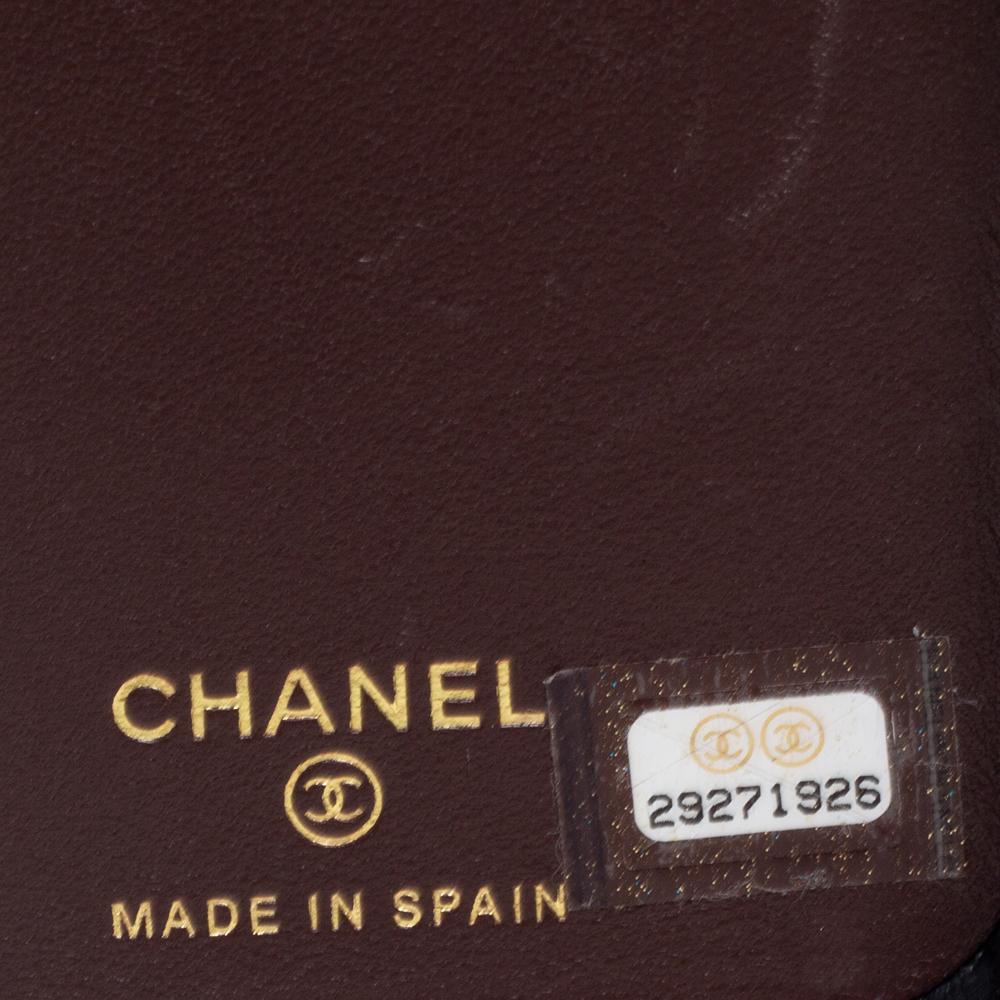 Chanel Black Quilted Caviar Leather iPhone X Case In Good Condition In Dubai, Al Qouz 2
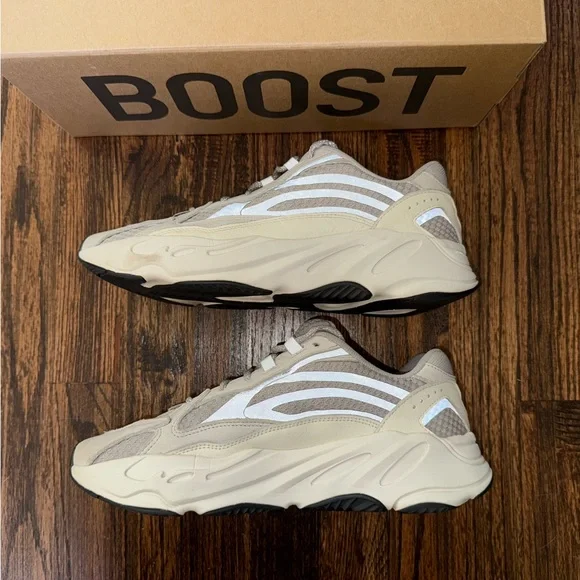 Adidas Yeezy Boost 700 V2 Static EF2829 Size 10.5 is available for purchase  on au PAY Market - Imported Goods Online Store Co.Ltd. | au PAY Market -  Online Shopping Site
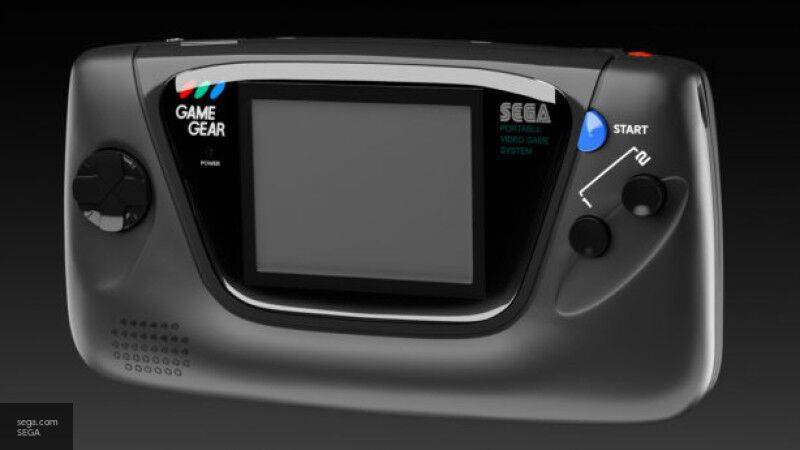 Sega представила миниатюрную консоль Game Gear Micro размером с палец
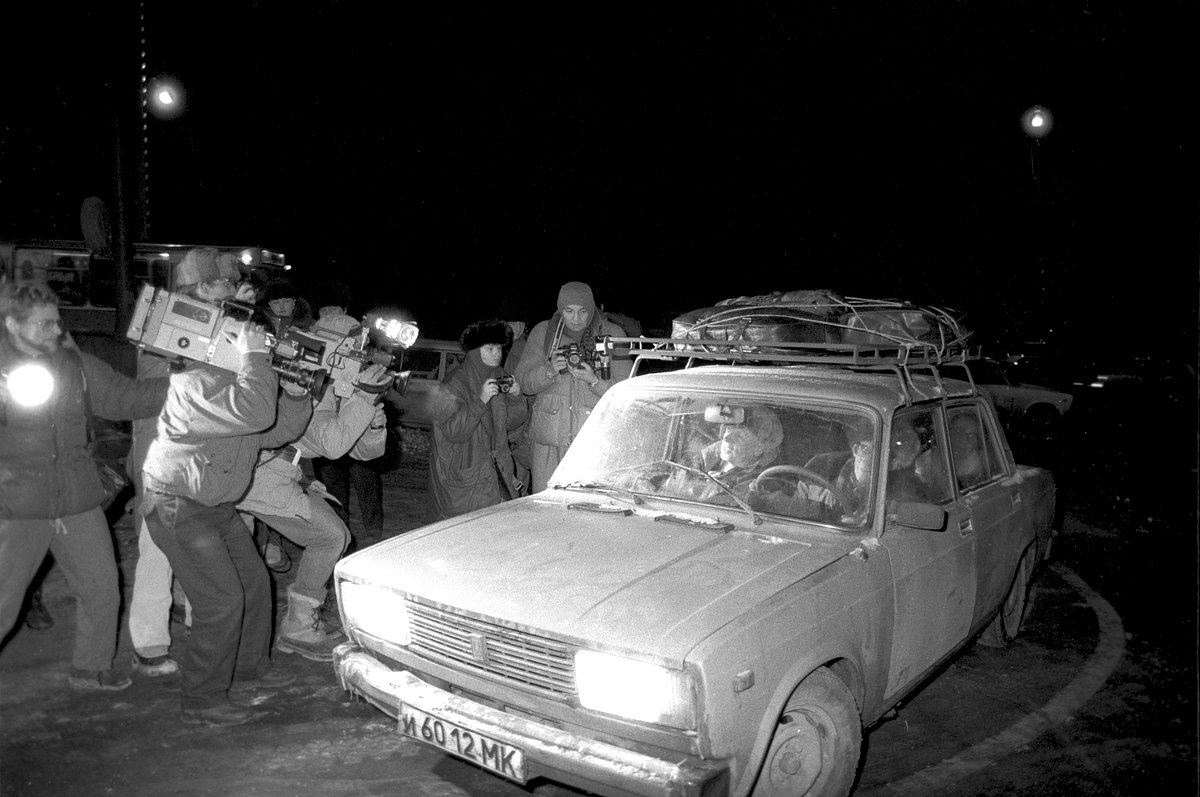 Андрей Сахаров и Елена Боннэр возвращаются в Москву, 1986 год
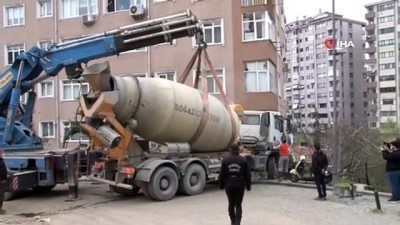  Beşiktaş’ta binaya çarpan beton mikseri vinçle kaldırıldı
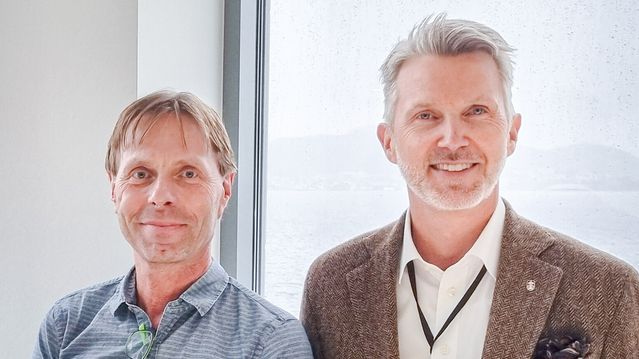 Kystverket feirer tunnelforliket med kake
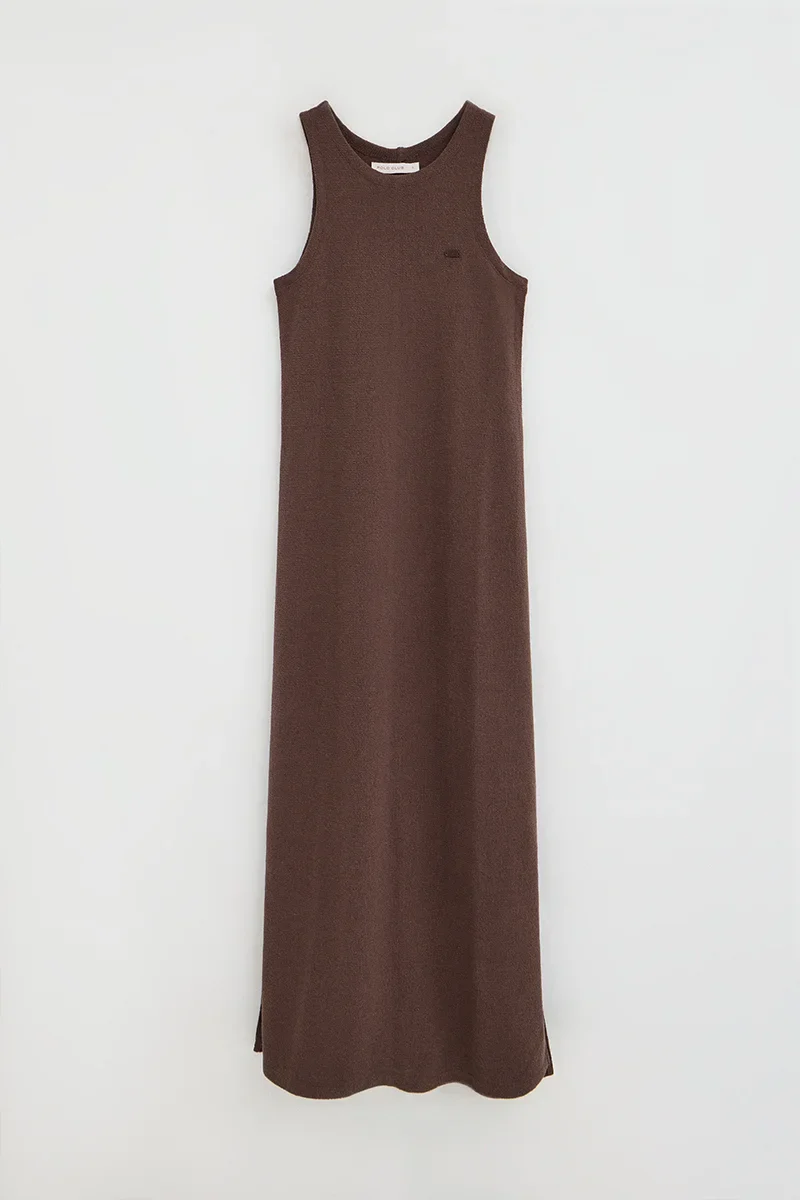 Chocolate rustic-knit dress with Polo Club logo - Image 6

* **What the task requires**: Write out, word for word, the lines running from the one containing "Kystverket feirer tunnelforliket med kake" to the end of the data above; the pictures are to be left out.

* **The answer**:
 Kystverket feirer tunnelforliket med kake
 Chocolate rustic-knit dress with Polo Club logo - Image 6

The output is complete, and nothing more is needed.